Four decades of defending self-defense.

reason has been on the gun beat since the very first issue of the magazine appeared 40 years ago. In "Violence in the U.S.--the Reversal of Cause and Effect," founding editor Lanny Friedlander described the political reaction to the assassination of Bobby Kennedy: "Gun laws, we find them screeching, from every radio received, gun laws, gun laws, gun laws! Make it illegal for anyone to own a gun and enforce that law at the point of a gun. Forget that a murderer does not stop for stop signs and would not obey a gun law either. Forget that it leaves the victim unarmed, but leaves the victimizer free to operate. Forget that it makes self-protection a crime, but leaves the criminal better off than he was before. Forget that an assassin can make a gun or steal a gun or even use another type of weapon.
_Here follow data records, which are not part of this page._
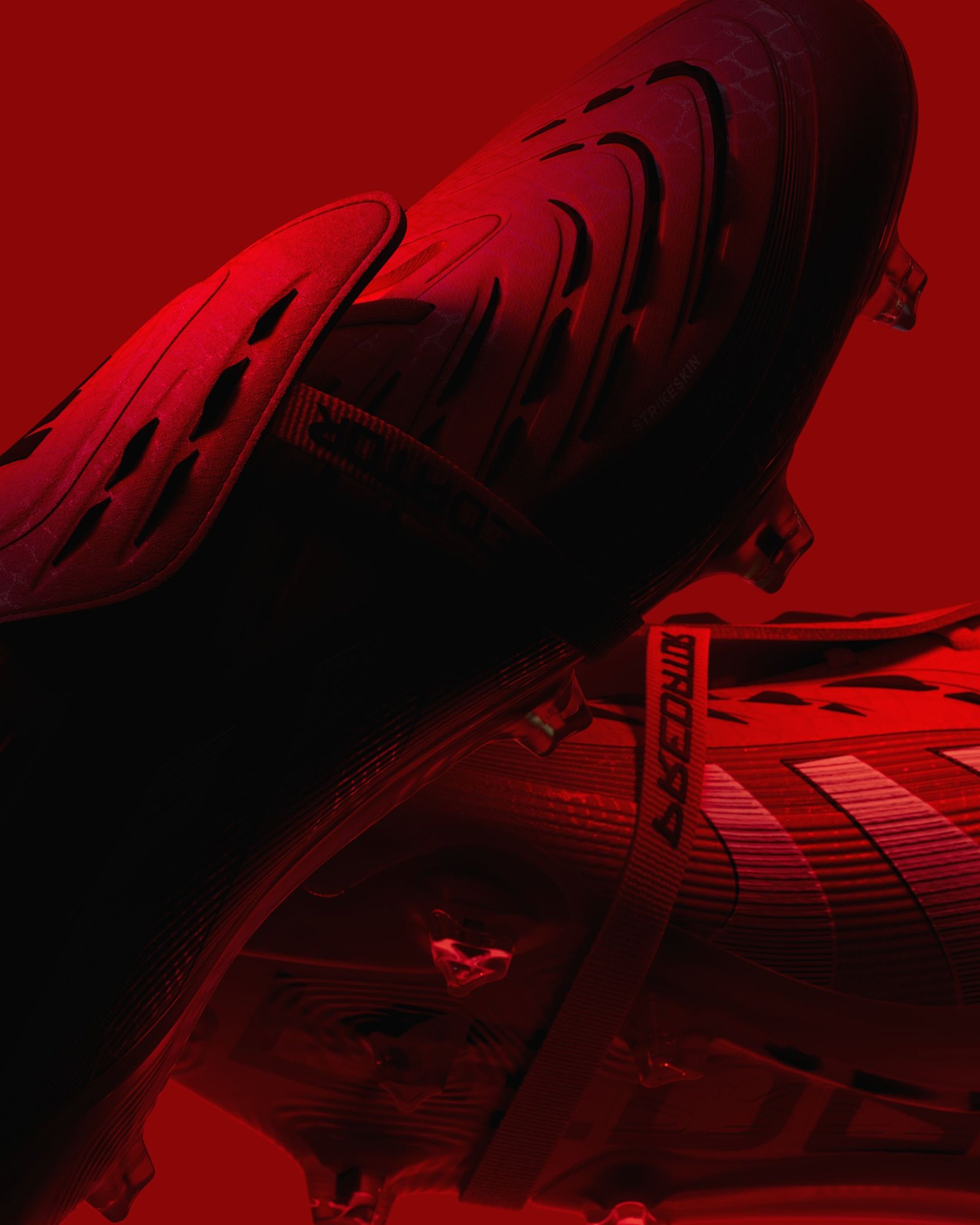 adidas_predator_001_008 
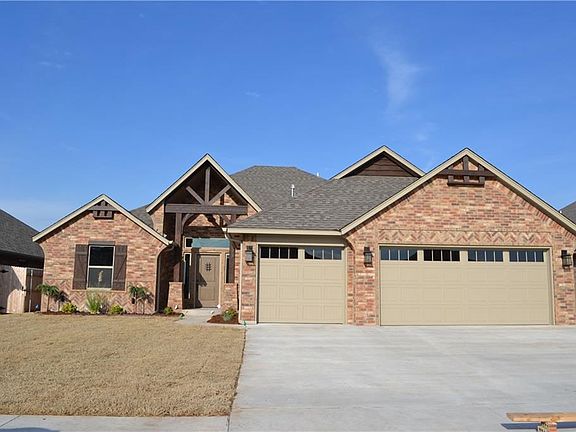 2nd image of 1267 Auburn Cir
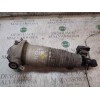 Recambio de amortiguador trasero izquierdo para volkswagen touareg (7la) 5.0 v10 tdi cat (ayh) referencia OEM IAM   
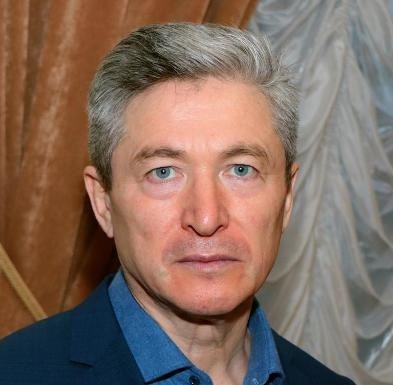 Главой администрации Выборгского района Ленобласти стал оренбуржец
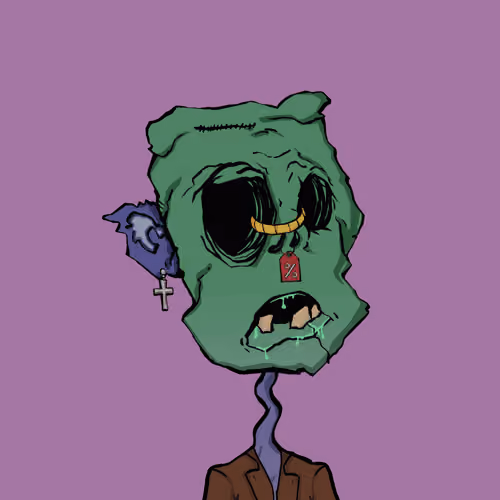 zombietown.wtf #5827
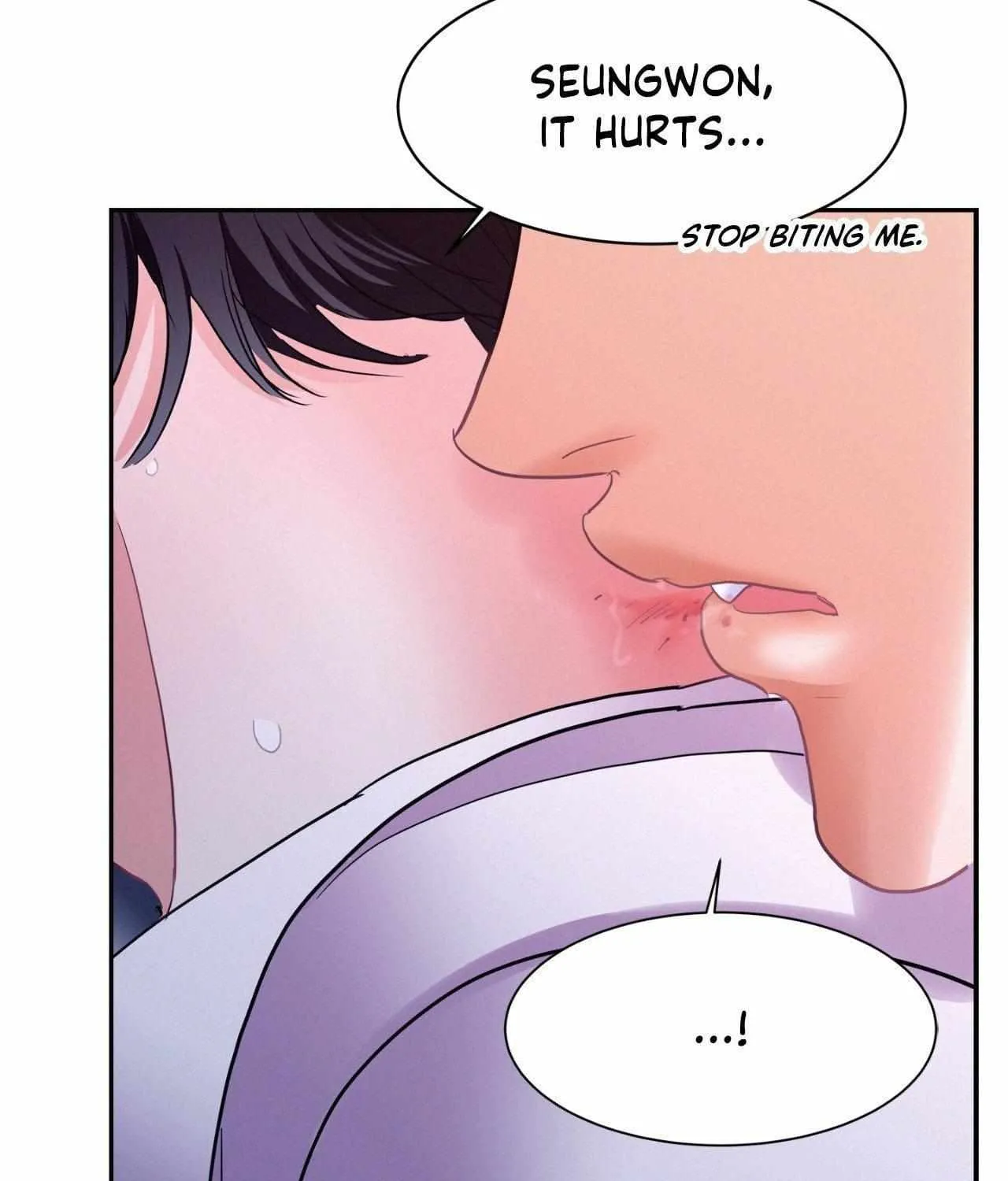 Read Onward chapter 13.1 image 25 on Lezhin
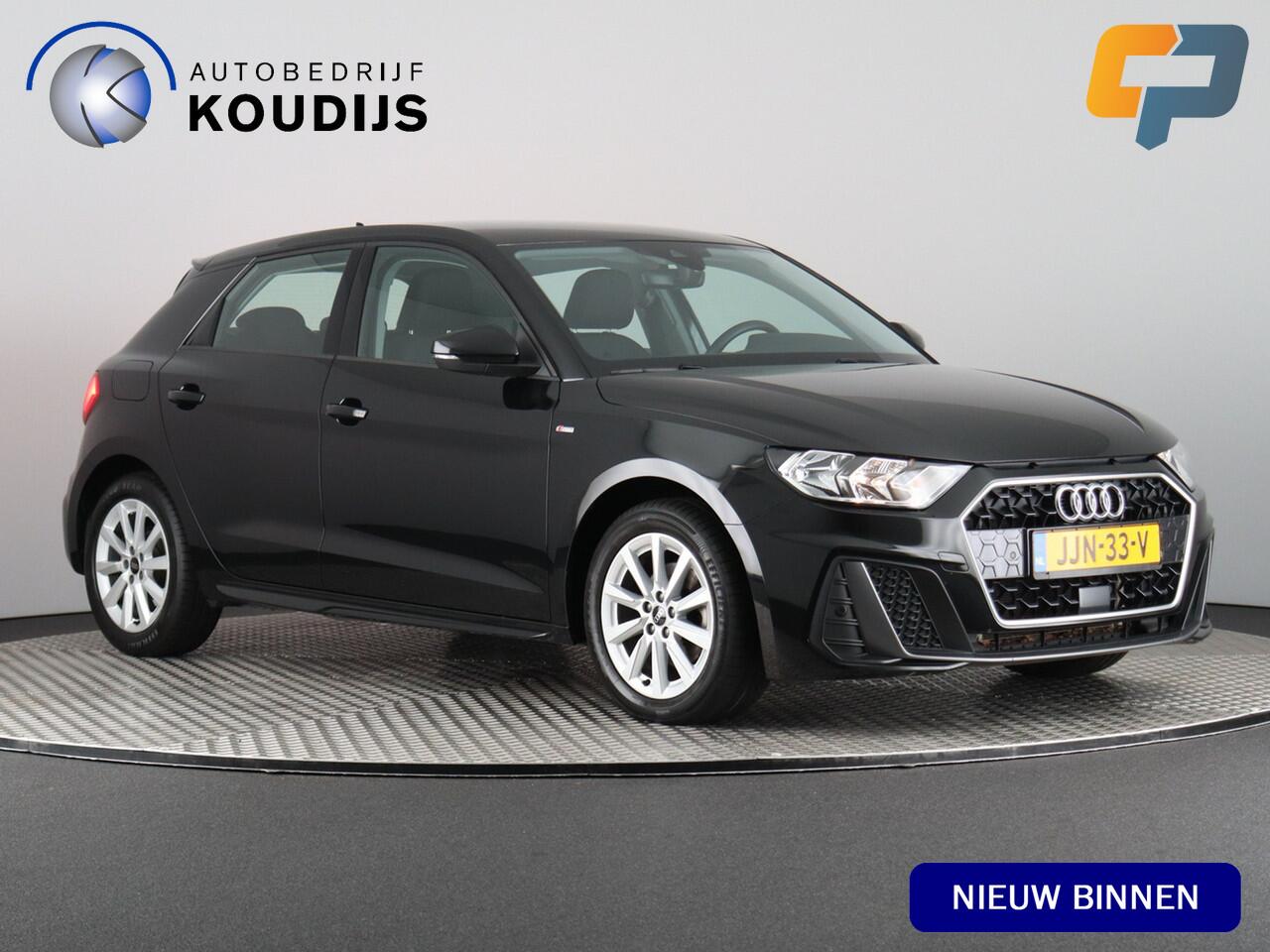 audi-a1-sportback-30-tfsi-advanced-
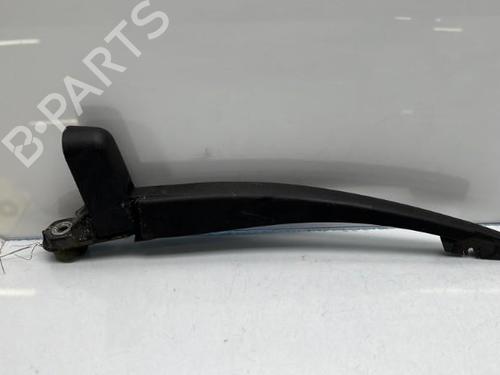 Rear windshield wiper arm PEUGEOT 208 I (CA_, CC_) 1.6 HDi | BP19968056C144 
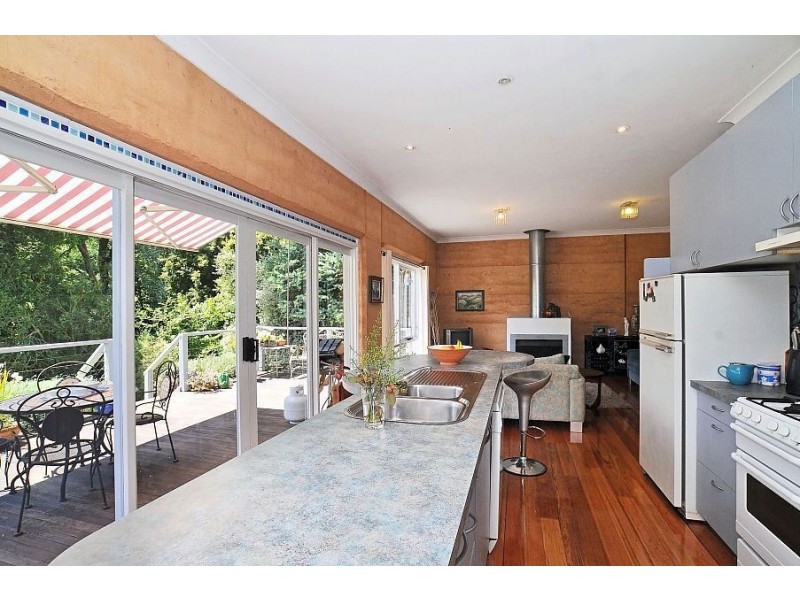 39 Benson Street, Belgrave VIC 3160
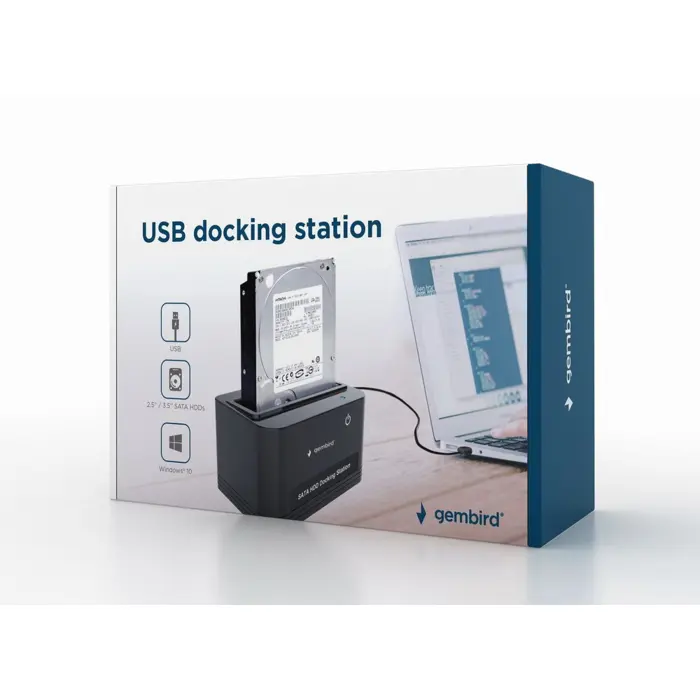 gembird-hd32-u2s-5-docking-station-for-25-and-35-hard-drives-71748-diagemsta0001.webp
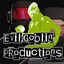 Evil_Goblin-Evil_Goblin_Suits-1.1.0 icon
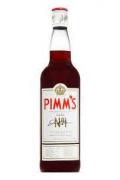 Pimm's - No 1 (750)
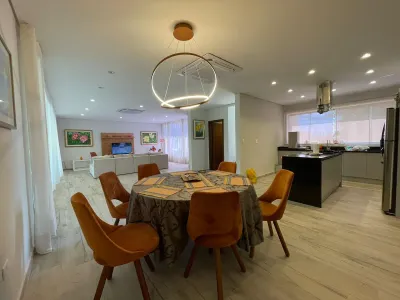 Casa de 3 quartos à Venda em San Bernardino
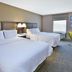 Soverom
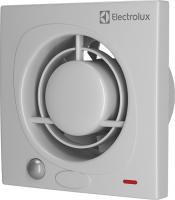 Вытяжной вентилятор Electrolux Move EAFV-150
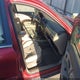 1MEHM59S91G621382 2001 Mercury Sable Ls Premium auction photo thumbnail 5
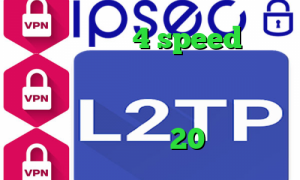 دانلود کانکشن 4 speed فیلتر شکن با تغییر ای پی برنامه ی تیک تاک فارسی روسیه واکسن کرونا دانلود کانکشن هوشمند 20 اسپید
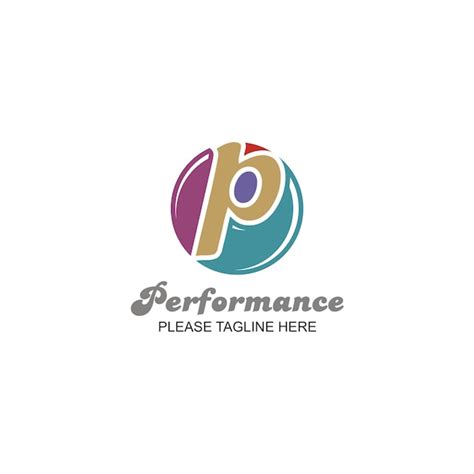 Performance Logo Vector File 的图像结果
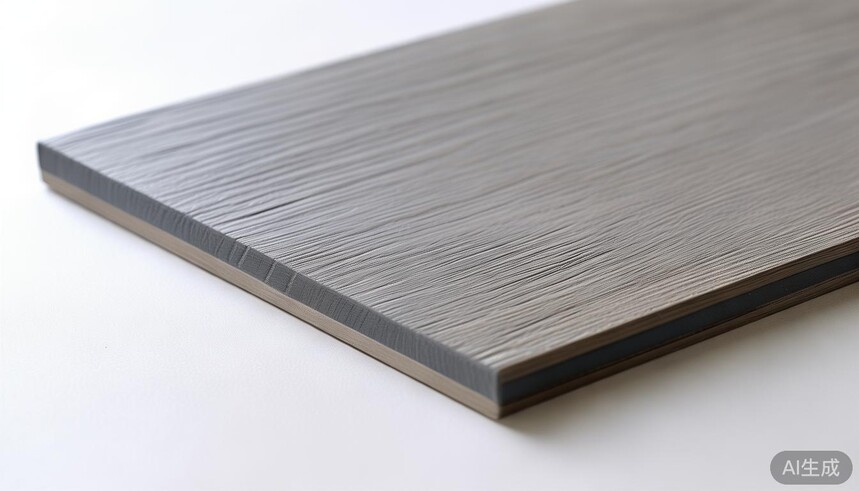 珍珠岩石是什么材料_亮面砖之星痕石:中国瓷岩板与珍珠绒,安纳西木纹内墙砖颜值担当_亮面砖之星痕石:中国瓷岩板与珍珠绒,安纳西木纹内墙砖颜值担当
Forget all that."

Since then the defense of Americans' Second Amendment rights has been a staple of the magazine. In a May 1977 cover story, for example, the maverick liberal Don B. Kates Jr. made a more comprehensive case that gun control doesn't work. (In the same issue, the libertarian feminist Beverly Combs argued that "If You Liked Gun Control, You'll Love the Antiabortion Amendment.") In December 1985, the sociologist William R. Tonso listed the ways gun laws had been used to oppress black people in another...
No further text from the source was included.